Left-wing commentators from Rachel Maddow to the Talking Points Memo cheered as if Clinton had hit upon some profound truth. But what she really seemed to be saying is that the Obama administration isn’t interested in learning from a direct attack on the U.S. and our representatives overseas. And those who don’t learn from history, as they say, may well find themselves repeating it.

But not Clinton. She’s off to a comfortable retirement. And while she may consider running for president again in 2016, it says here that she won’t be elected. Instead, she’ll drift off, lost to the sands of history.

Margaret Thatcher, on the other hand, will be with us for all of time.

During a recent lecture at The Heritage Foundation journalist Charles Moore, Thatcher’s official biographer, predicted that her name will be known in 500 years. Not simply because of everything that she overcame to win election as Britain’s first female prime minister, but because of all that she accomplished while in office.

Thatcher, Moore noted, was among the earliest to spot the potential in Mikhail Gorbachev. She invited him to visit her at the prime minister’s retreat of Chequers some six years before he became Soviet leader. “I like Mr. Gorbachev. We can do business together,” she said then, foreshadowing the cooperation that would help bring down the Berlin Wall without any violence.

She also accurately predicted the future after the Wall fell.

Thatcher was nervous about German reunification. “We beat the Germans twice, and now they’re back” she warned. She didn’t want to see Europe dominated economically by a united Germany. That, of course, is exactly what’s come to pass.

“In 2011, Italy and Greece had prime ministers imposed on them by Germany,” Moore notes. When finally given a chance to choose their own leader, Italians voted resounding against Germany’s pick, Mario Monti.

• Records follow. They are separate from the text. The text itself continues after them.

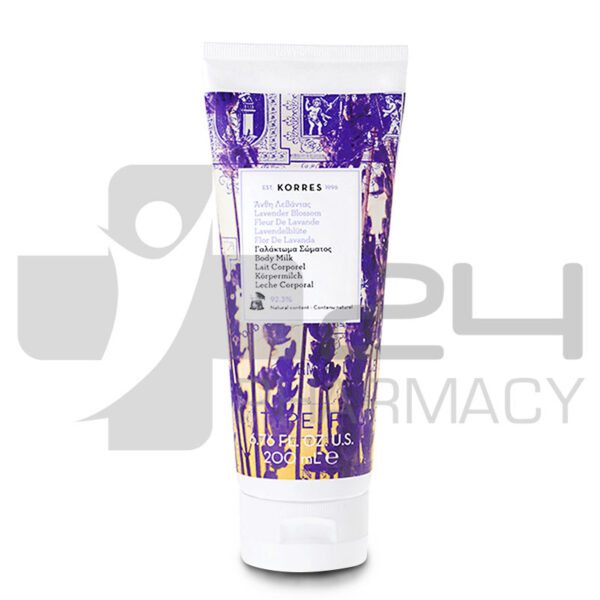 KORRES ΓΑΛΑΚΤΩΜΑ ΣΩΜΑΤΟΣ ΑΝΘΗ ΛΕΒΑΝΤΑΣ 200ML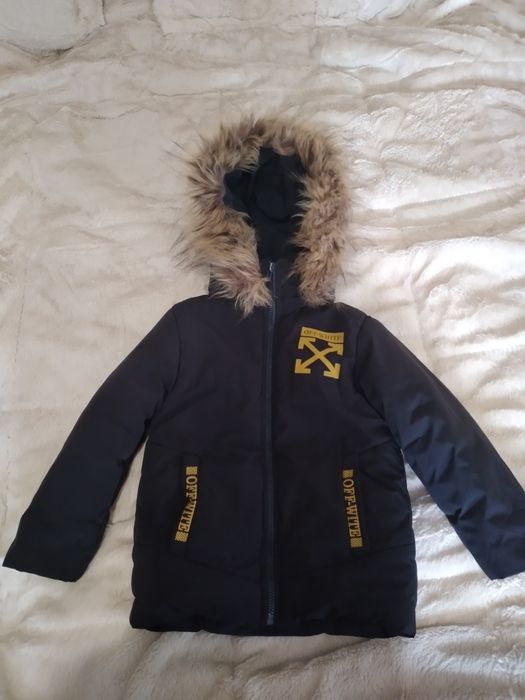 Курточка зимова для хлопчика 2-3 роки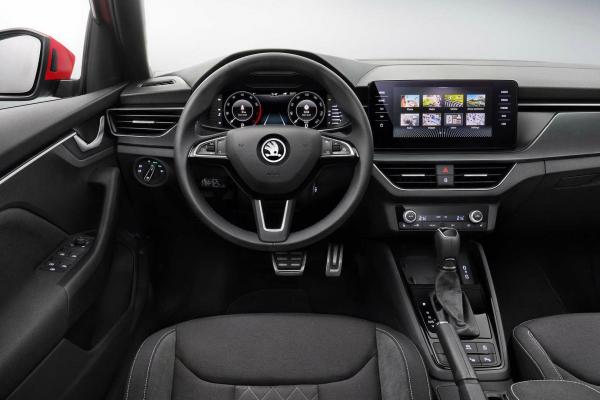 Новый кроссовер Skoda полностью рассекречен - 2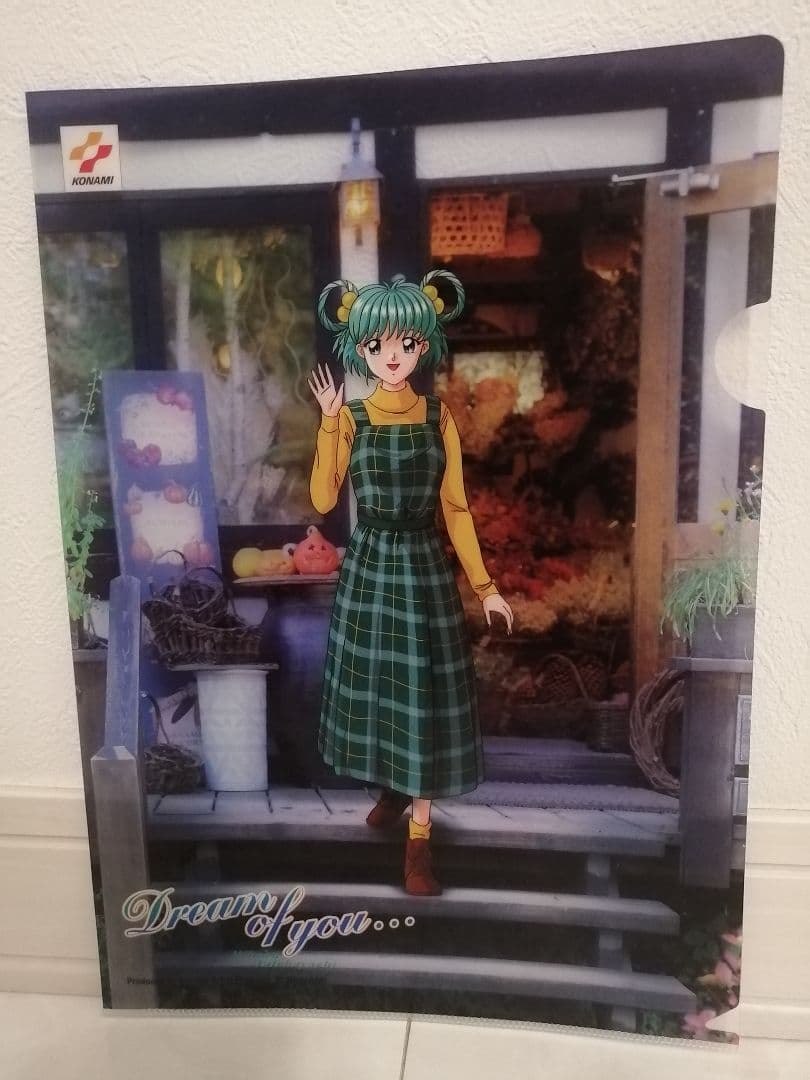 【希少】ときめきメモリアル　館林見晴　クリアファイル5枚セット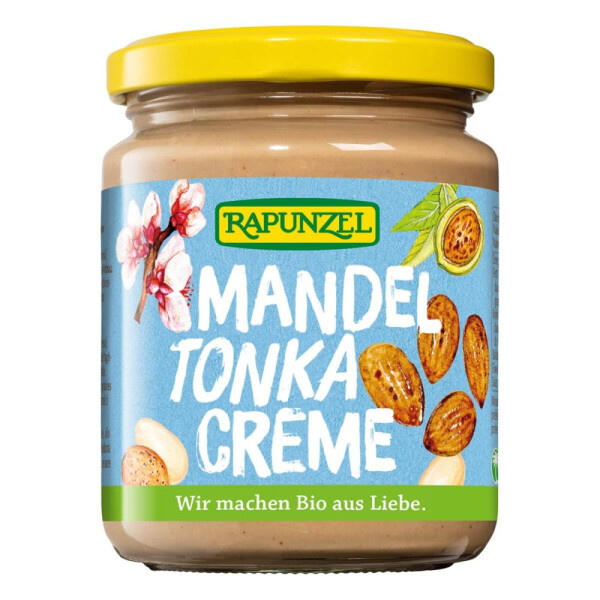 Rapunzel Bio Mandel Tonka Creme 250 g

Germany has benefitted greatly from the common currency, but it’s unclear whether voters in struggling countries such as Spain, Greece and Italy really want to remain in the Euro zone.

Thatcher was steadfast in her defense of the British currency, the pound sterling. In one of her final parliamentary appearances as P.M., she railed against those who aimed to give Brussels control over British fiscal policy. “What is the point of trying to get elected to Parliament only to hand over sterling and the powers of this House to Europe?” she asked. Staying out of the common currency has helped Britain avoid many of its problems over the years.

Thatcher’s question should echo on this side of the Atlantic, more than two decades later. “Congress has fallen into the habit of passing sprawling and vague laws, filled with arcane cross-references that most Members of Congress neither read nor understand,” Heritage warned in its new book America’s Opportunity for All. “This effectively turns lawmaking over to unaccountable staff and unelected bureaucrats.”

It raises the question Thatcher asked: Why run for office, just to hand off your power to unelected bureaucrats?

Today’s “leaders” are all too eager to pass off power and let someone else lead. That’s why most of them will be forgotten, while Thatcher and her guidance will be celebrated down through the ages.